#### What the task requires:
In the listing below, print exactly the lines between the line holding "Linen Table Placemat" and the line holding "Closet Letna Wengue", inclusive, and no more.

** Given entries follows **

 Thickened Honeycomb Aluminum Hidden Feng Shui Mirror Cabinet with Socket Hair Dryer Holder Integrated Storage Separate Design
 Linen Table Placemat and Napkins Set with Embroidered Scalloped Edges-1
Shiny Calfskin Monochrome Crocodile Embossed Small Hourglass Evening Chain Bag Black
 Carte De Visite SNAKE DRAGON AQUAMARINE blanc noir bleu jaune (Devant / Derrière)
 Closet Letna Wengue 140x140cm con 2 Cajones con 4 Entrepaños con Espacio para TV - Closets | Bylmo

** End of Given entries **
** Given entries follows **

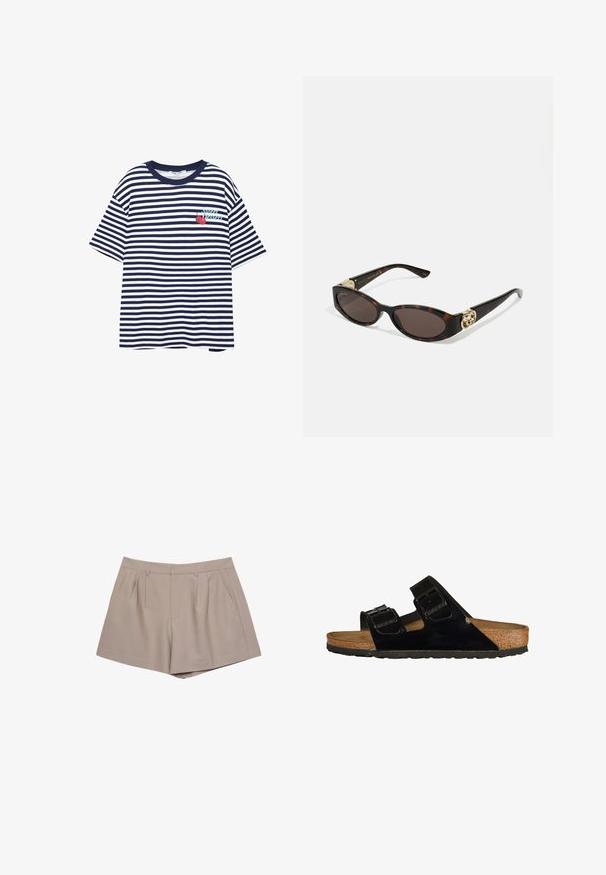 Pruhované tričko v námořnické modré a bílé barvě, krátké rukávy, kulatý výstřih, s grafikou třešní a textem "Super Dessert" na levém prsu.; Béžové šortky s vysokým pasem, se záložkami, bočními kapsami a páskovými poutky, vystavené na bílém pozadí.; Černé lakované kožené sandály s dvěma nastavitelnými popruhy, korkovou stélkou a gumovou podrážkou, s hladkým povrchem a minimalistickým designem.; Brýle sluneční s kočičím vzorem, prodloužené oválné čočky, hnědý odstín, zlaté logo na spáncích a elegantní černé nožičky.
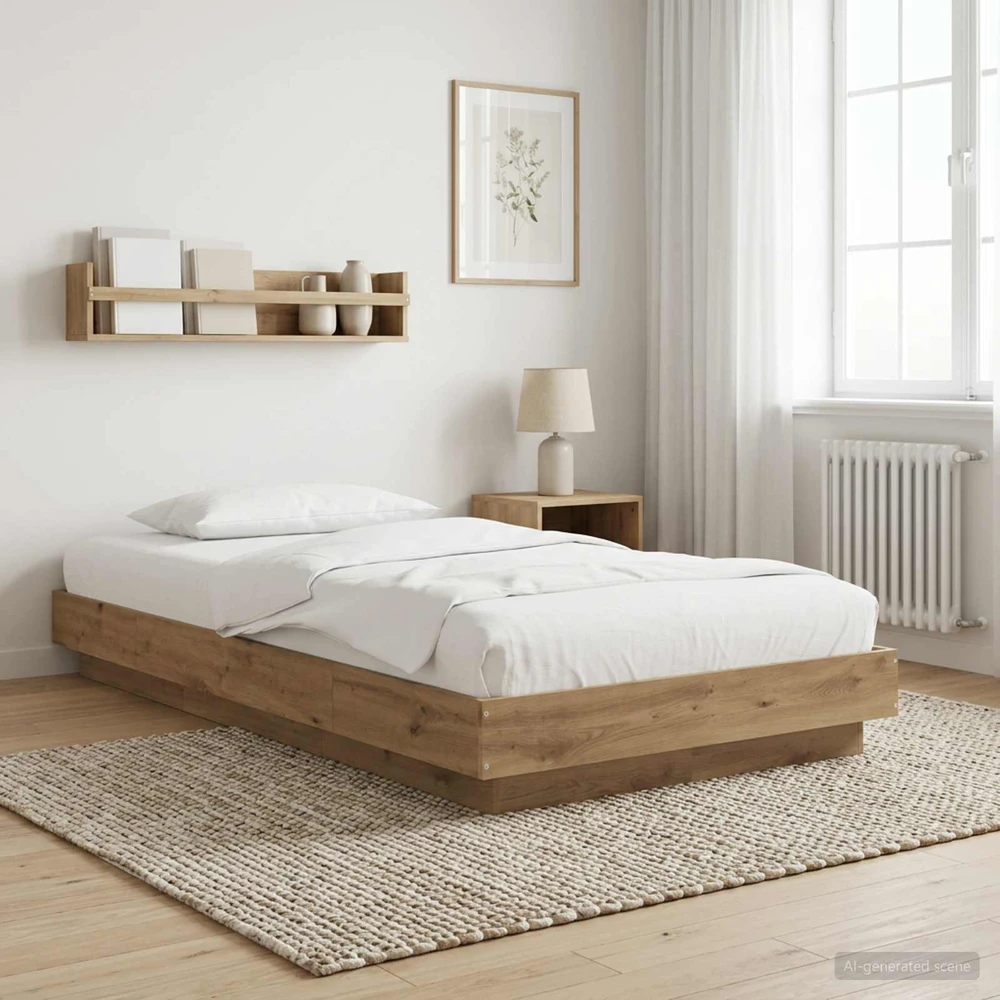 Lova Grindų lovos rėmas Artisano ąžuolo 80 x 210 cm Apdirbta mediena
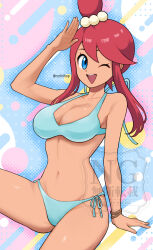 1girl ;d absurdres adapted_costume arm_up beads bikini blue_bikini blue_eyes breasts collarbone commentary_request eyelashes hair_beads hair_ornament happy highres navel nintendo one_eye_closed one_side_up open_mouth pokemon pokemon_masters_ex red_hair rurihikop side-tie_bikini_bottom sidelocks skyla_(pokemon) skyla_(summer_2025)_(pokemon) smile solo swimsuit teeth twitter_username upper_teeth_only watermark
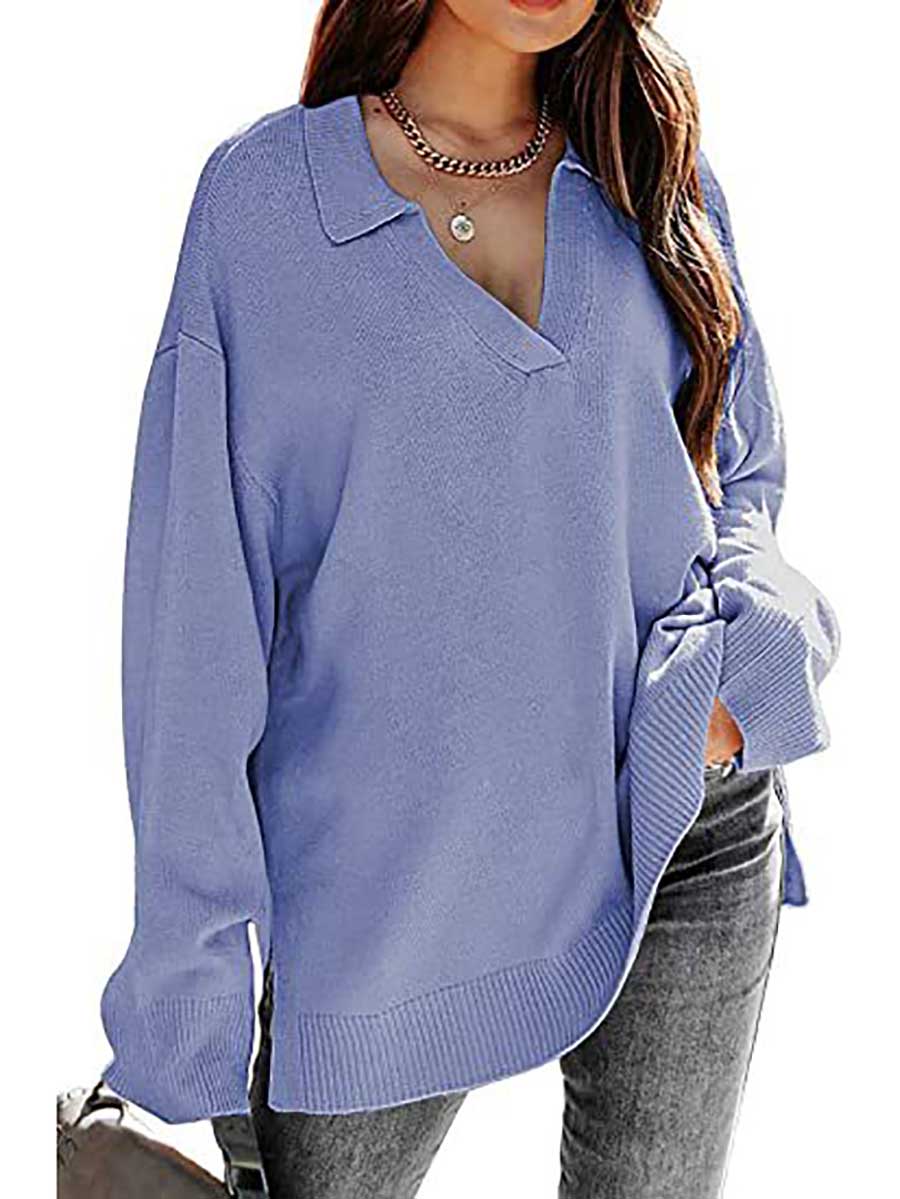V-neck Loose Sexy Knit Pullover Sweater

** End of Given entries **

#### Result of the task:
 Linen Table Placemat and Napkins Set with Embroidered Scalloped Edges-1
Shiny Calfskin Monochrome Crocodile Embossed Small Hourglass Evening Chain Bag Black
 Carte De Visite SNAKE DRAGON AQUAMARINE blanc noir bleu jaune (Devant / Derrière)
 Closet Letna Wengue 140x140cm con 2 Cajones con 4 Entrepaños con Espacio para TV - Closets | Bylmo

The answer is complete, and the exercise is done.